Source data Block Start

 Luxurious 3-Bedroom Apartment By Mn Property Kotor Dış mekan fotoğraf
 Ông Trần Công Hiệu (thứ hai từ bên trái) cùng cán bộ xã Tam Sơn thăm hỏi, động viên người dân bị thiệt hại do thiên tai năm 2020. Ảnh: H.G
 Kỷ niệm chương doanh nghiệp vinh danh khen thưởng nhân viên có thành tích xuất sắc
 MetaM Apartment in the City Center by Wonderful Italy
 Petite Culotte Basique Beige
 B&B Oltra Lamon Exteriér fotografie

Source data Block End

**Instructions to follow:** Which lines above carry the string "viên"? Copy those lines.

**Reply to the exercise:**
 Ông Trần Công Hiệu (thứ hai từ bên trái) cùng cán bộ xã Tam Sơn thăm hỏi, động viên người dân bị thiệt hại do thiên tai năm 2020. Ảnh: H.G
 Kỷ niệm chương doanh nghiệp vinh danh khen thưởng nhân viên có thành tích xuất sắc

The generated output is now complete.